House Speaker Nancy Pelosi referenced the lawsuit in a letter to colleagues Wednesday, in another signal that she's opening the door to considering impeachment. Pelosi cited the committee's earlier lawsuit that argued it the information for the House to consider "'whether to exercise its full Article I powers, including a constitutional power of the utmost gravity — approval of articles of impeachment.'"
Pelosi signed off on the language in the McGahn lawsuit that said that the committee was trying to decide whether to impeach Trump, according to an aide to the speaker.
McGahn's testimony is a key piece of that effort, Democrats say, because he was a key witness in the Mueller report -- especially its second section, about instances when the President may have attempted to obstruct the investigation. The special counsel's investigation documented how Trump told McGahn to fire the special counsel, which he did not do, and then told McGahn to lie publicly about Trump telling him to dismiss Mueller. McGahn's statements to Mueller's team were cited more than 150 times in the report -- more than any other witness.

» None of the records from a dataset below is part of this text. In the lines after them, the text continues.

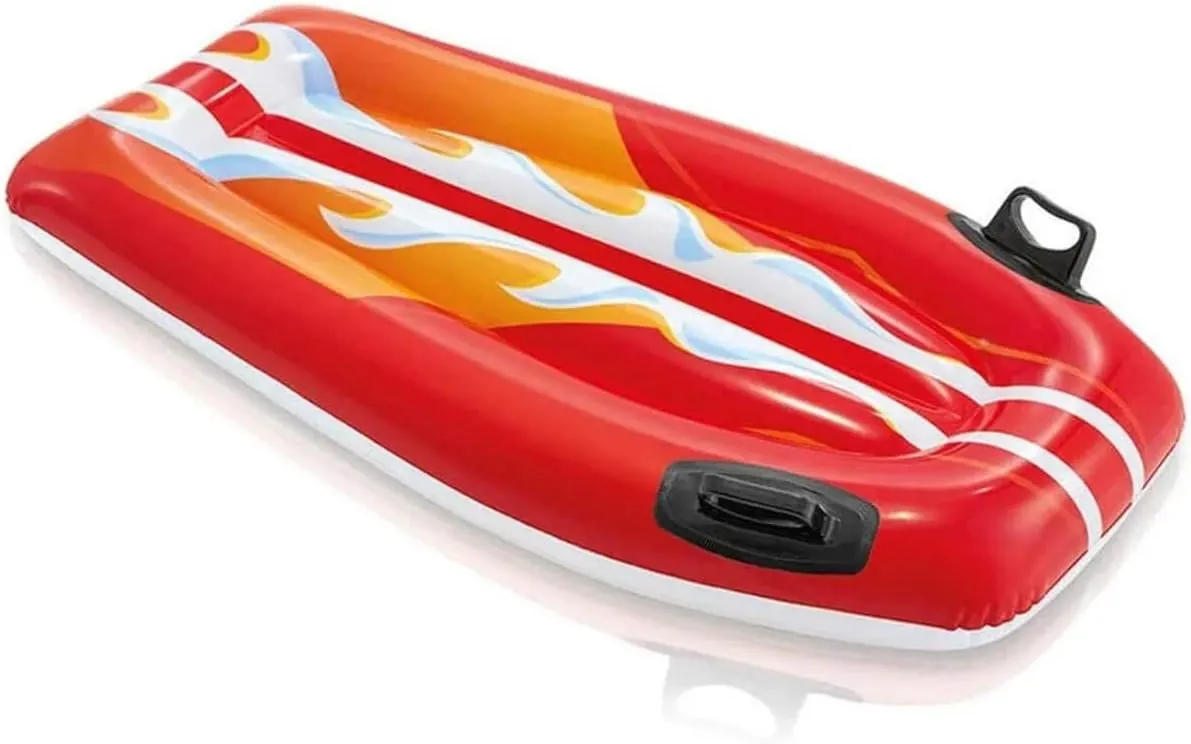 Bild von Intex Joy Riders Surf Strandspielzeug in verschiedenen Farben, Einzelstück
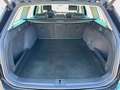 Volkswagen Passat Variant Elegance 2.0 TDI DSG*R-Line*IQ-Li Zwart - thumbnail 10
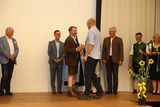 © DV Verband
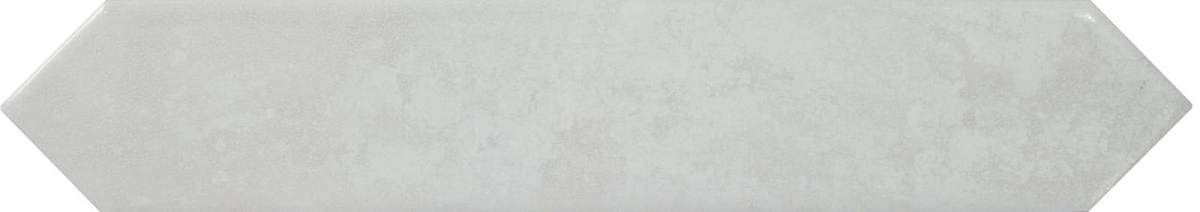 Mestizaje Chateau Crayon White Gloss 111376 4x22,6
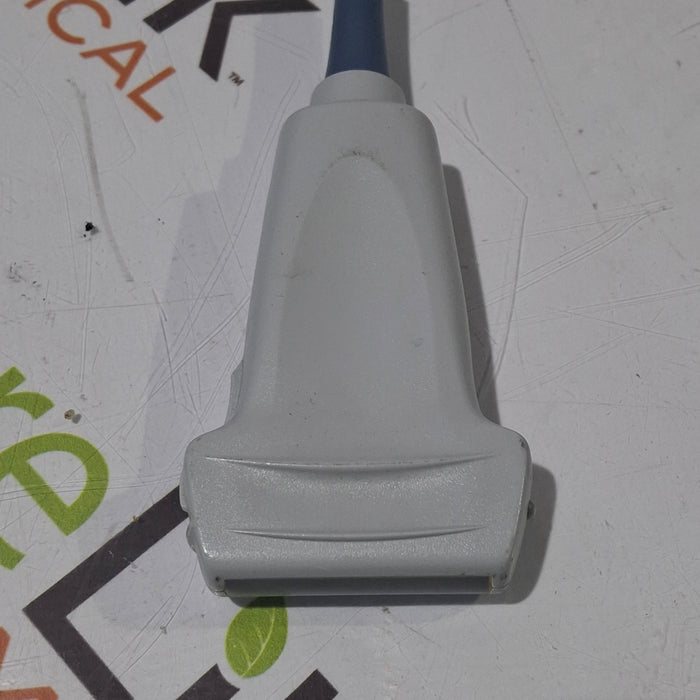 Sonosite Micromaxx Portable Ultrasound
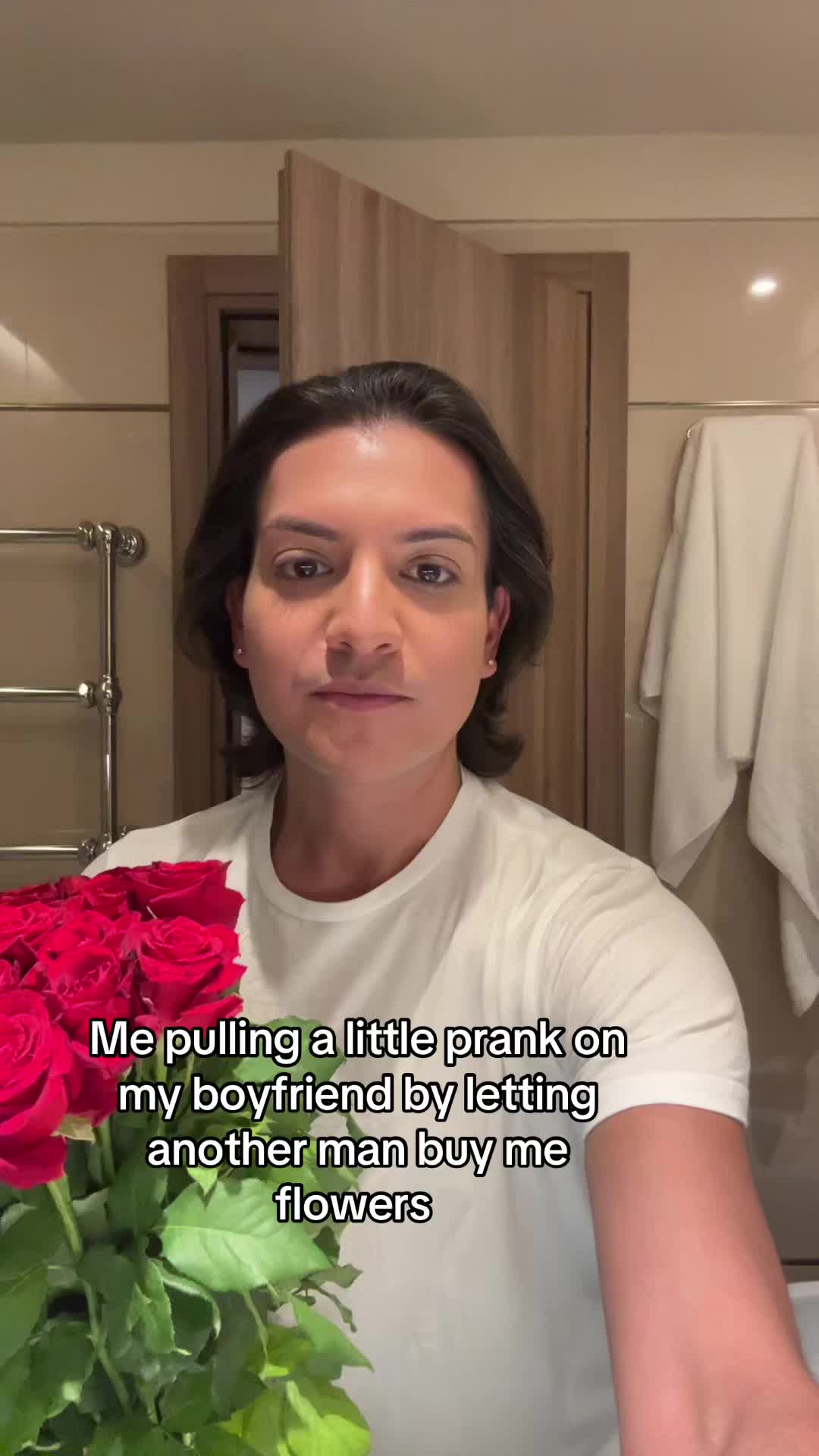 @Andres Arce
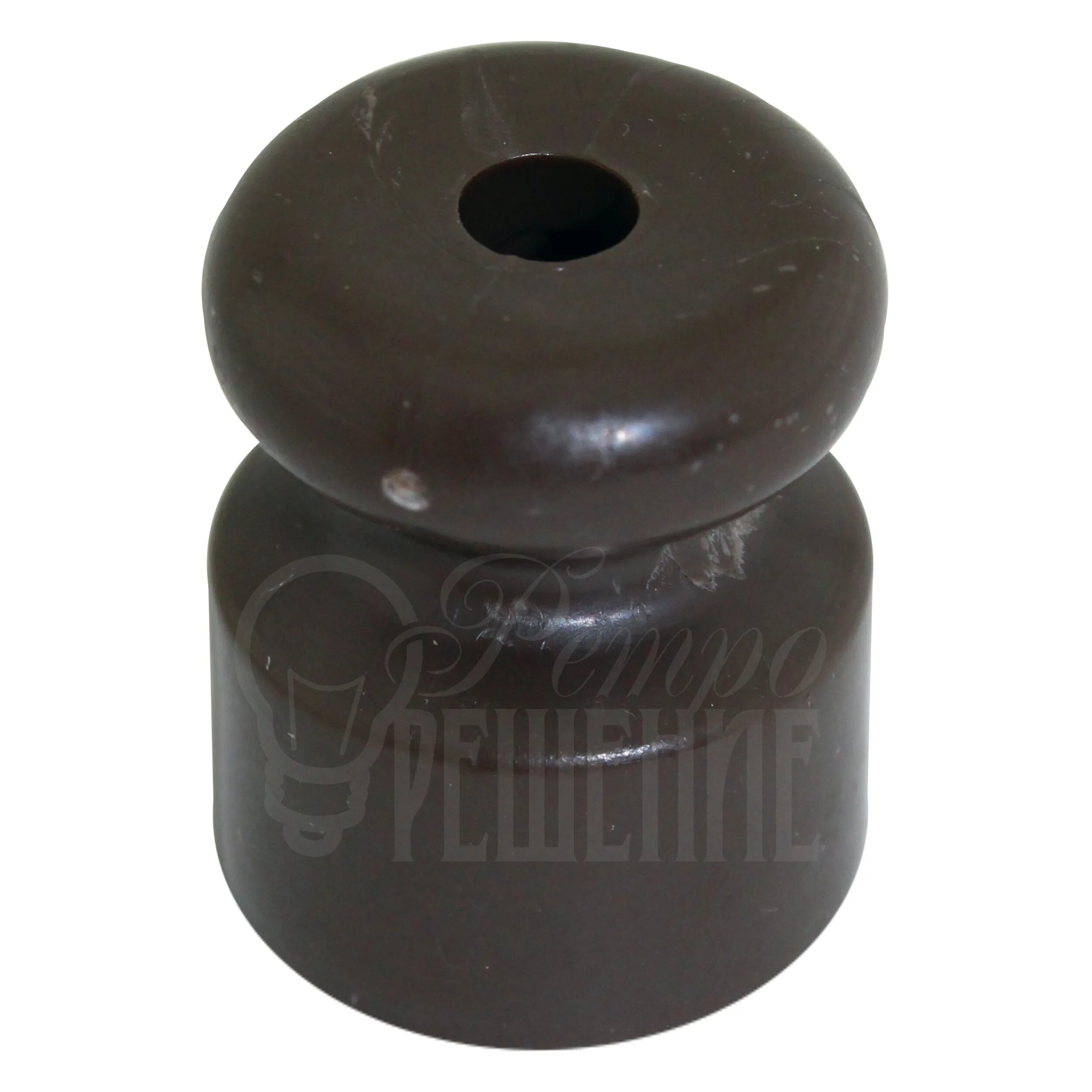 Изолятор серый. Изолятор серый. Изолятор серый. Изолятор керамический для наружной проводки леруа мерлен. Ретро изоляторы керамические золото.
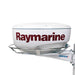 Buy Seaview SM-G18-U Stainless Steel Guard for 12-20" Radars - Boat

Democrats tried to bring in McGahn before Mueller testified last month, and issued a subpoena for documents and his testimony. But McGahn did not appear when the committee gaveled into session in May for his hearing, setting the stage for a House vote to go to court to enforce McGahn's subpoena. The subpoena to McGahn is one of a number the committee has issued and been rebuffed by the White House: both former communications director Hope Hicks and former McGahn deputy Annie Donaldson did not answer nearly all of the questions that the committee asked of them related to their time at the White House.
And the Justice Department helped McGahn to ignore the subpoena by issuing an Office of Legal Counsel opinion in May that said he had immunity from being called to testify about his work in the White House.
"Congress may no more summon the President to a congressional committee room than the President may command Members of Congress to appear at the White House," the Justice Department opinion said.
The lawsuit says that the Judiciary Committee spoke to McGahn's counsel and the White House over several months in an attempt to reach a deal for McGahn's testimony, but the Democrats said that process was "at an impasse."
The committee did, however, reach an agreement with the White House to review documents from McGahn, which will be handled in the same manner that the committee is reviewing Mueller documents from the Justice Department, committee aides said.
But the aides argued they still needed to hear from McGahn, because he can talk about the offenses laid out in the Mueller report, as well as the President's intent in those episodes.
McGahn, no longer in the administration and now represented by a private attorney, isn't protected from testimony by the same attorney-client confidentiality as other lawyers because his client wasn't President Donald Trump or any one person when he served as White House counsel.
House Democrats filed the lawsuit in federal District Court in DC, and the case was assigned to Chief Judge Beryl Howell, who oversaw the grand jury proceedings in the Mueller investigation and is known for siding with public transparency.
Similar clashes between Congress and the executive branch have ended up in federal court before, though judges are often reluctant to get in the middle of a dispute between the executive and legislature, especially to limit Congress' investigative power. When President George W. Bush's former top counsel, Harriet Miers, and his former chief of staff, Joshua Bolten, did not comply with subpoenas issued by the Judiciary Committee, a judge ruled in 2008 that they couldn't ignore them.
This story has been updated with additional developments Wednesday.